Let’s begin with some significant numbers.

Years:  100+

Toys:  23,000,000,000



Those figures refer to Cracker Jack.  Cracker Jack is the sticky, filling-removing, box of popcorn sold in the snack aisle.  The popcorn was, more often than not, stale with the consistency of damp cardboard, albeit covered with caramel, and a Spanish peanut or two added for flavor.

This stuff was pretty tasty, as a kid.  Now, it is similar to those old 1950’s space movies that featured a guy parading about wearing a deep sea diver’s helmet and a gorilla suit.  Back then it was great!  Today it is simply cheesy.  But I digress.

However, the big draw was not to get to the crunchies inside the box.  It was for the prize.

As a kid I recall my Mother opening a box of Duz.  Yes, Duz.

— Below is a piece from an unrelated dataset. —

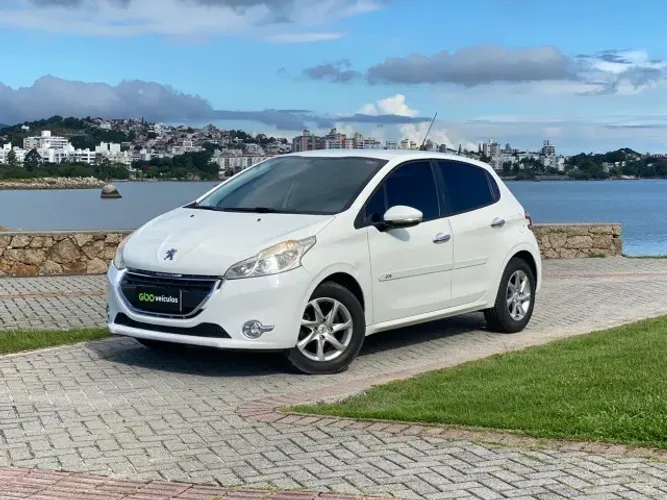 Peugeot 208 Active/active Pack 1.5 Flex 8V 5P 2014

Duz was the powdered laundry detergent that sold countless boxes of detergent that didn’t contain lye.  The ads touted Duz would ‘keep your hands from turning red.’  They would turn red because the active ingredient in the soap was lye.  Lye is very caustic.  Amen.

EasternShoreFishAndGame.com bonus:  In case you don’t know why soap operas are called soap operas, they were traditionally sponsored by soap companies, hence the moniker.

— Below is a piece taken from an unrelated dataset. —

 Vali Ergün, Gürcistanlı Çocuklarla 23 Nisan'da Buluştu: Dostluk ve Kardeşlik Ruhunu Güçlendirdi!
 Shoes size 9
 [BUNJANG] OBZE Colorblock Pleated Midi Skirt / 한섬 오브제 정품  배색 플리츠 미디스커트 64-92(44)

In any case, my Mother would get a box of Duz from the grocery store and quickly opened it to see what sort of dinner plate or drinking glass she received as a prize.  She was usually delighted although we wound up with nine dinner plates, two juice glasses, and three tea cups without saucers.

Oh, the humanity.  But, providing dinnerware inside a box of laundry detergent was incentive to purchase a product again and again.

Cracker Jack did something similar, but directed at kids.

They enclosed toys to help induce a sale, which included plastic jewelry rings, one-inch tall camels, miniature books, water-soluble tattoos, vehicles and whistles.  I likely collected most of those items, all of which now reside in the county landfill.  Of course, they are now collector’s items fetching many cents each.

But the point of this story is to sadly announce that Frito-Lay, owner of Cracker Jack, has announced the demise of the tangible toys.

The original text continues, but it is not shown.